The Open Cultural Center (OCC) is a non-governmental organisation (NGO) that works towards the inclusion of refugees. The organisation is mostly run by volunteers and operates in Greece by organising cultural and educational projects. Their main office is based in Barcelona, Spain.

== History ==
OCC emerged by the cooperation of independent volunteers who met in refugee camps in Greece in 2016. These volunteers first established the Idomeni Cultural Center (ICC) in the Greek refugee camp of Idomeni. The volunteers now moved to the refugee camps in Sounio and Cherso to further develop their project. However, military security did not allow independent persons to enter the camps, so they constituted 'Cultural Centers' nearby the refugee camps where the focus was to offer education to children, and later also to offer language classes for adults. At was at this time that they established the main office in Barcelona, Spain, as the main founders were Catalan. When the Cherso camp closed down in the winter, and the refugees were temporarily relocated in houses, the organisation decided to open a Cultural Center near the camp of Polykastro, in the North of Greece. This center is still open.

== Activities ==

=== Greece ===
While at first the focus was mainly on offering education for children and language classes to adults in order to help with integration, the centers also started to organise recreational activities such as music, drawing and sports. The main goal of these activities was to offer stress-relief for the people staying in the refugee camps.

=== Spain ===
In Spain, OCC focuses on outreach work, awareness creation and cultural exchange projects in Spain.

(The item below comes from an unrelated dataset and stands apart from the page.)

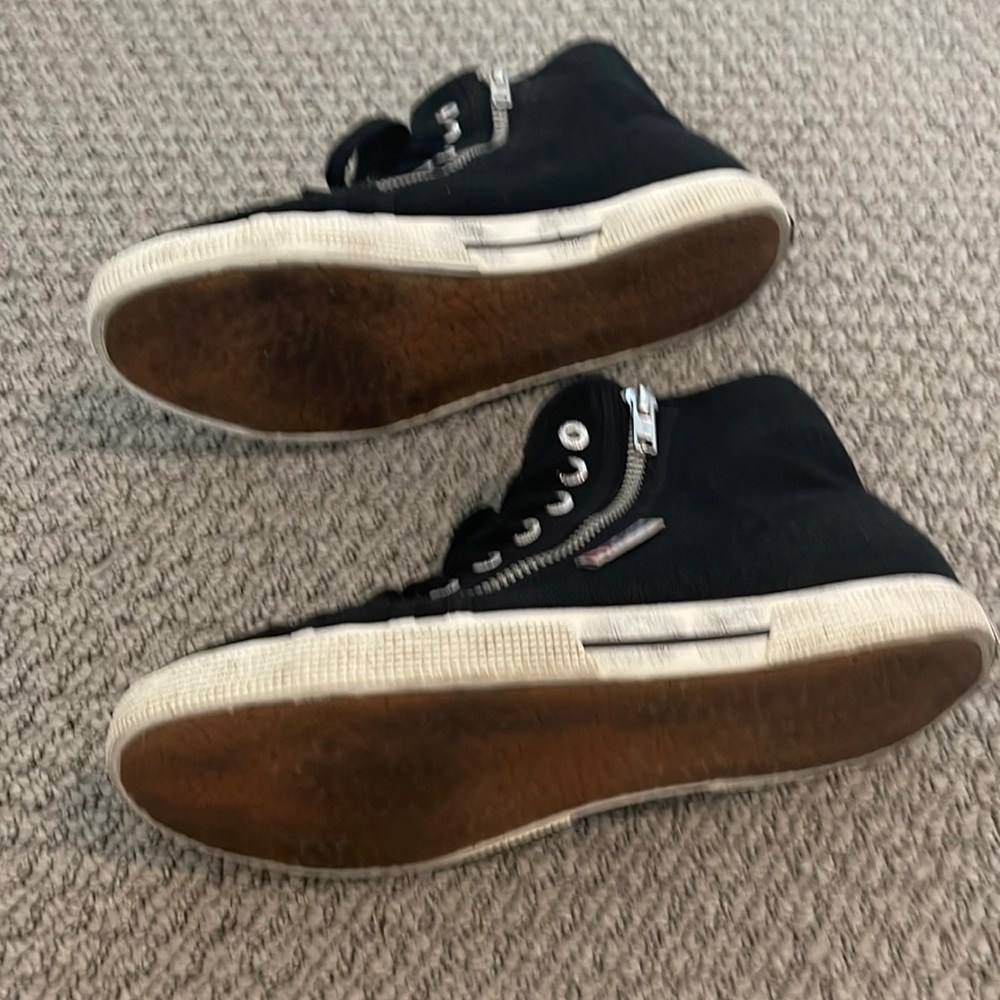SUPERGA BLACK SNEAKERS,  Great condition, size 9 womens - Picture 6 of 7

These projects are carried out from an artistic, educational and linguistic perspective.

== Projects ==

=== 'My friend' ===
One of the projects of OCC is 'My Friend', a book with drawings and testimonies of children in the refugee camps.

=== Refugee school ===
This project in Spain includes workshops that are adapted to different ages, and which explain the origin of the war in Syria.

=== Art exhibitions ===
OCC has organised several art exhibitions, such as an art exhibition made by refugee children, and a photographic exhibition showing the daily life in a refugee camp in Greece.